[Source data]
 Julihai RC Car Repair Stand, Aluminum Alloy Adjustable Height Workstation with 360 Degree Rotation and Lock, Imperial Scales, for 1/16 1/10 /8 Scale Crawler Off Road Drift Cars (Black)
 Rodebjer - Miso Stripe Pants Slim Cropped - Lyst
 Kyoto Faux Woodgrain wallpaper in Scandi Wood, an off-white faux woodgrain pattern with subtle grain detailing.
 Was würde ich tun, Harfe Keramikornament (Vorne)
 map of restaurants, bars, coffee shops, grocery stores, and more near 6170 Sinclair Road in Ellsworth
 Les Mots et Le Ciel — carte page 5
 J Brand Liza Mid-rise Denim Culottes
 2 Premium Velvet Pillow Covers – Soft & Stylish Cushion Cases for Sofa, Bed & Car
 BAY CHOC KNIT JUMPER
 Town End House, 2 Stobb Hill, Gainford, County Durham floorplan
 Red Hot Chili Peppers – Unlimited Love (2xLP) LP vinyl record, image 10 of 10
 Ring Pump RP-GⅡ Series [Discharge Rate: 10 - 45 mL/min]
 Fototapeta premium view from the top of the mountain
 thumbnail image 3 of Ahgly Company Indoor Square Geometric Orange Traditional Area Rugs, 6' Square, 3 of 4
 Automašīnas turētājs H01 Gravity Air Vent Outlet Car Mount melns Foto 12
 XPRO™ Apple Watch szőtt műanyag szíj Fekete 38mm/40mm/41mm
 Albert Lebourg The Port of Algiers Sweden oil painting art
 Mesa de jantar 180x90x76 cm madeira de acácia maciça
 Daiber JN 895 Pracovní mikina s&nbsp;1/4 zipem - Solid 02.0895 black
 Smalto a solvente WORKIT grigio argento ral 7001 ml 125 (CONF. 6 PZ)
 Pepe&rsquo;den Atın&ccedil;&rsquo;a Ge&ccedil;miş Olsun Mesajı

**YOUR TASK**
Filter the lines above so that only those with the string "Road" remain, then copy them.

**SOLUTION**
 Julihai RC Car Repair Stand, Aluminum Alloy Adjustable Height Workstation with 360 Degree Rotation and Lock, Imperial Scales, for 1/16 1/10 /8 Scale Crawler Off Road Drift Cars (Black)
 map of restaurants, bars, coffee shops, grocery stores, and more near 6170 Sinclair Road in Ellsworth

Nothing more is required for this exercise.